Jaksa Tanggapi Vonis 10 Tahun Nadiem: Ini Keadilan Sebenarnya

Jaksa menyebut putusan hakim atas Nadiem selaras dakwaan dan bukti persidangan.

oleh Ady AnugrahadiMuhammad Radityo PriyasmoroDiterbitkan 30 Juni 2026, 14:58 WIB
Sidang Vonis Nadiem Makarim. Foto: ANTARA/Agatha Olivia Victoria

Liputan6.com, Jakarta - Jaksa Penuntut Umum (JPU) Corneles Geeb Paulus Heydemans menegaskan vonis 10 tahun penjara terhadap mantan Mendikbudristek Nadiem Makarim merupakan murni penegakan hukum, bukan kriminalisasi terhadap kebijakan ataupun personal sebagai anak bangsa.

Pernyataan itu disampaikan usai sidang vonis di Pengadilan Tipikor Jakarta, Selasa (30/6/2026). Corneles menilai amar majelis hakim mengafirmasi kerja penuntutan yang dibangun sepanjang perkara.

Dia menyebut kesimpulan hakim selaras dengan konstruksi dakwaan dan bukti-bukti yang dihadirkan dalam persidangan.

Suasana ruang sidang sempat riuh. Sorakan terdengar dari pendukung Nadiem ketika jaksa mulai menyampaikan tanggapan atas putusan majelis hakim.

"Perlu kami tegaskan, hakim telah membuktikan bahwa kami tidak pernah melakukan kriminalisasi atas kebijakan. Ini murni penegakan hukum. Tidak mungkin kami sesama anak bangsa. Kami, jaksa, telah disumpah jabatan untuk melaksanakan tugas secara profesional," kata Corneles usai sidang vonis Nadiem di Pengadilan Tipikor Jakarta, Selasa (30/6/2026).

Riuh tersebut muncul saat Corneles dan tim jaksa membantah tudingan kriminalisasi yang dialamatkan sebagian pendukung terdakwa.

"Atas putusan ini, bukan terkait siapa yang kalah atau siapa yang menang. Ini bukan soal menang atau kalah.
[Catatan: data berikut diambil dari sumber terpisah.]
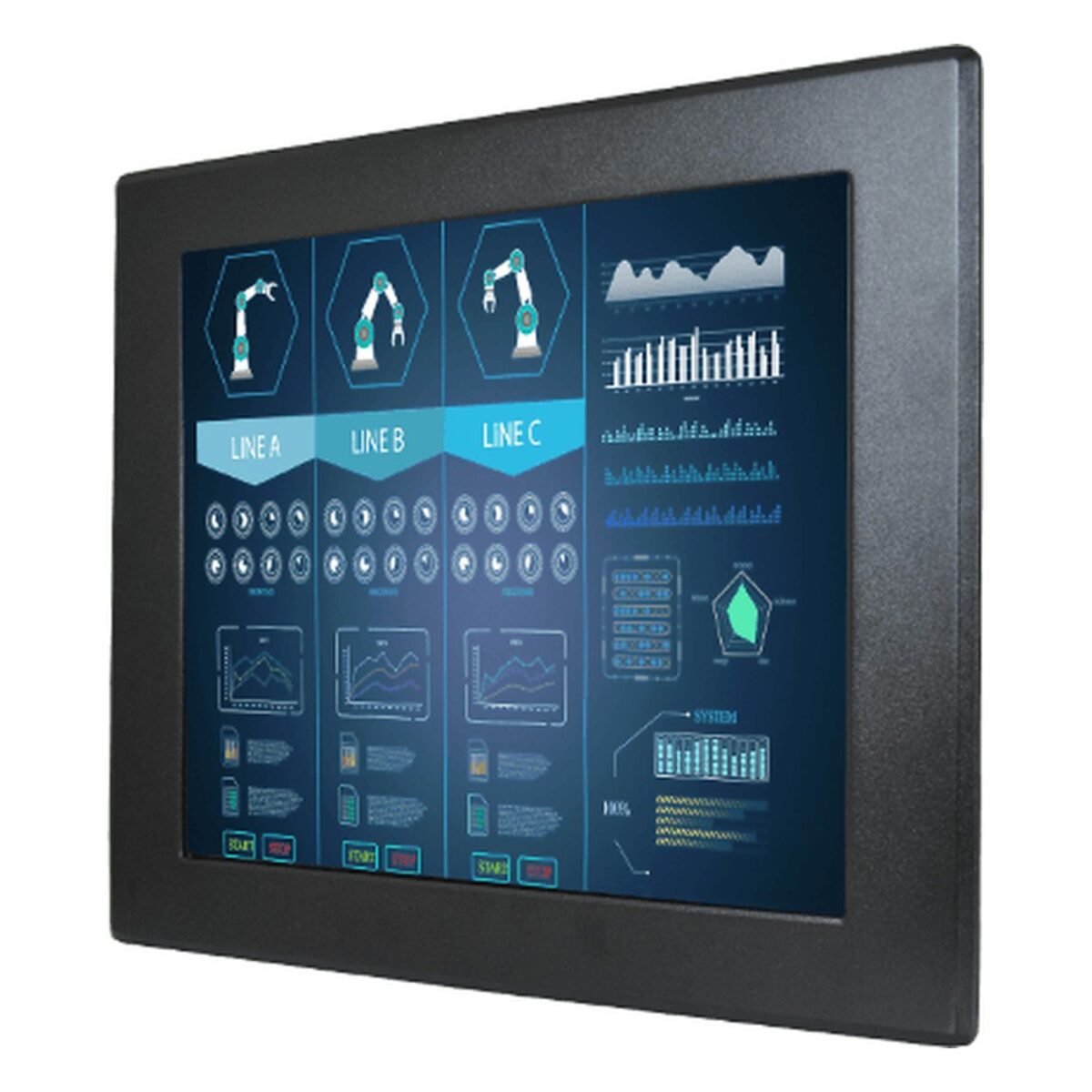 Winmate S17L500-IPA1WT 17 inch monitor, angled front view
Hukum telah ditegakkan, terdakwa sudah mendapatkan keadilan, dan masyarakat juga telah mendapatkan keadilan, anak-anak telah mendapatkan pendidikan," ucapnya.

Jaksa: Ini Keadilan Sebenarnya

Menanggapi materi putusan, Corneles menyebut pertimbangan majelis hakim konsisten dengan dakwaan penuntut umum dan fakta yang terungkap di persidangan.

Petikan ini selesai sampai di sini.